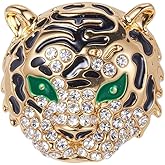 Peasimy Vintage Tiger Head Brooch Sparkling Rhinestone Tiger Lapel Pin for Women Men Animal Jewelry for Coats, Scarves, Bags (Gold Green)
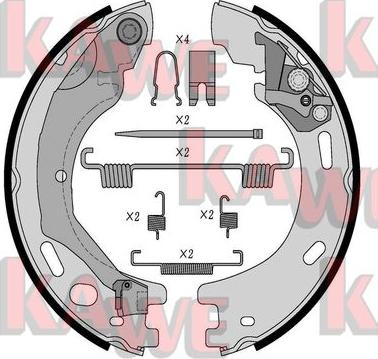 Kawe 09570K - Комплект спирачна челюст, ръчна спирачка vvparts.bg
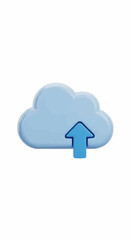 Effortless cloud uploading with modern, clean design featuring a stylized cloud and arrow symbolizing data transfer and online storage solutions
* * * *
Exercise objective
The data must be reproduced exactly, and no picture may appear in the copy.

Answer section
 Peasimy Vintage Tiger Head Brooch Sparkling Rhinestone Tiger Lapel Pin for Women Men Animal Jewelry for Coats, Scarves, Bags (Gold Green)
 Kawe 09570K - Комплект спирачна челюст, ръчна спирачка vvparts.bg
 Effortless cloud uploading with modern, clean design featuring a stylized cloud and arrow symbolizing data transfer and online storage solutions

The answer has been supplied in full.